Update: It’s over. Probably. See the explanation at the end of this blog post.

Please, help me out. I am currently dealing with an especially vile art thief who is using my art for their logotype without my permission. I politely asked them to stop using my art. They refused. They were rude and insulting towards me, and our e-mail conversation ended with them adding my e-mail address to their spam filters.

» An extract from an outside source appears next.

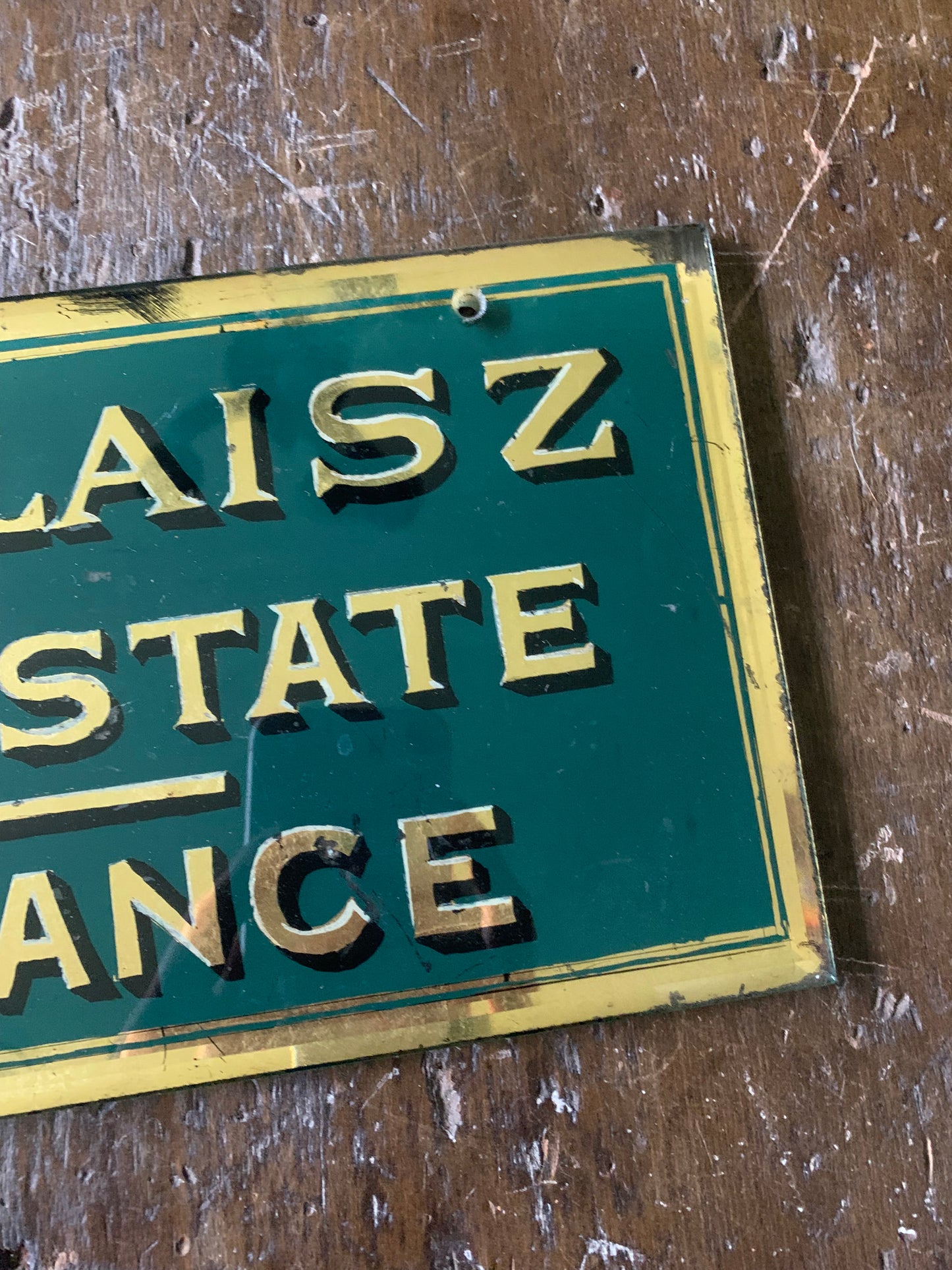 Antique painted glass trade sign| green & gilt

Normally, a public shaming campaign is something I reserve for the last resort. I prefer to first send a polite e-mail. If an art thief refuses to stop using my art, then I send DMCA takedown notices to various websites where they have posted stolen images. Unfortunately, this time I am dealing with a person who adamantly wants to fight for their imaginary right to abuse artists. Moreover, I don’t have the patience to send dozens of DMCA takedown requests for every single image they have uploaded online (this particular art thief has been immensely proliferate, uploading dozens of stolen images on Facebook and in their personal website).

Thus I am organizing a public shaming campaign. Even thieves care about their reputation and social approval. A bit of social pressure should help even the most stubborn thief understand that their actions are illegal and won’t be tolerated by the society. Copyright infringement is a serious problem that is harming content creators, and we as a society should not tolerate it.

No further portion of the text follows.